Deep neural network approximation of nonlinear operators, commonly referred to as DeepONet, has proven capable of approximating PDE backstepping designs in which a single Goursat-form PDE governs a single feedback gain function. In boundary control of coupled PDEs, coupled Goursat-form PDEs govern two or more gain kernels-a PDE structure unaddressed thus far with DeepONet. In this paper, we explore the subject of approximating systems of gain kernel PDEs for hyperbolic PDE plants by considering a simple counter-convecting $2\times 2$ coupled system in whose control a $2\times 2$ kernel PDE system in Goursat form arises. Engineering applications include oil drilling, the Saint-Venant model of shallow water waves, and the Aw-Rascle-Zhang model of stop-and-go instability in congested traffic flow. We establish the continuity of the mapping from a total of five plant PDE functional coefficients to the kernel PDE solutions, prove the existence of an arbitrarily close DeepONet approximation to the kernel PDEs, and ensure that the DeepONet-approximated gains guarantee stabilization when replacing the exact backstepping gain kernels. Taking into account anti-collocated boundary actuation and sensing, our $L^2$-Globally-exponentially stabilizing (GES) approximate gain kernel-based output feedback design implies the deep learning of both the controller's and the observer's gains. Moreover, the encoding of the output-feedback law into DeepONet ensures semi-global practical exponential stability (SG-PES). The DeepONet operator speeds up the computation of the controller gains by multiple orders of magnitude. Its theoretically proven stabilizing capability is demonstrated through simulations.

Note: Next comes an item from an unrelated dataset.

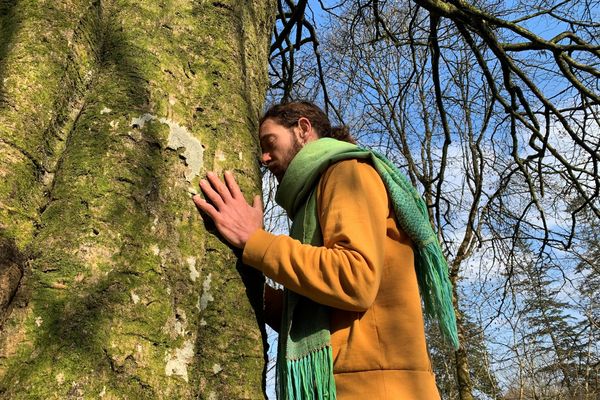 Les arbres se parlent-ils ?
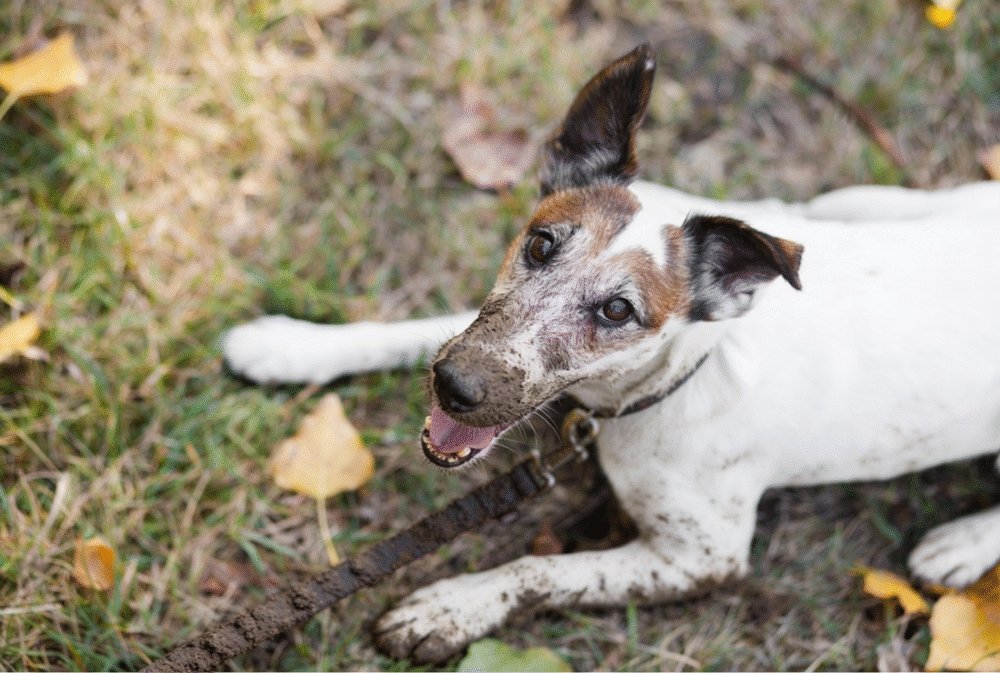 pies z brudną smyczą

翻译：非线性算子的深度神经网络逼近（通常称为DeepONet）已被证明能够逼近偏微分方程（PDE）的反步设计，其中单个Goursat形式的PDE控制单个反馈增益函数。在耦合PDE的边界控制中，耦合的Goursat形式PDE控制两个或更多增益核——这是一种迄今为止DeepONet尚未涉及的PDE结构。本文通过考虑一个简单的反向对流$2\times 2$耦合系统，探讨了为双曲型PDE对象逼近增益核PDE系统的问题，在该系统的控制中出现了Goursat形式的$2\times 2$核PDE系统。工程应用包括石油钻井、浅水波的Saint-Venant模型以及拥堵交通流中起停不稳定性的Aw-Rascle-Zhang模型。我们建立了从总共五个对象PDE函数系数到核PDE解的映射的连续性，证明了存在一个可以任意逼近核PDE的DeepONet近似，并确保当替换精确的反步增益核时，DeepONet逼近的增益能够保证稳定性。考虑到反配置的边界驱动与传感，我们基于$L^2$全局指数稳定（GES）的近似增益核输出反馈设计意味着对控制器增益和观测器增益的深度学习。此外，将输出反馈律编码到DeepONet中确保了半全局实际指数稳定性（SG-PES）。DeepONet算子将控制器增益的计算速度提高了数个数量级。其理论证明的稳定能力通过仿真得到了验证。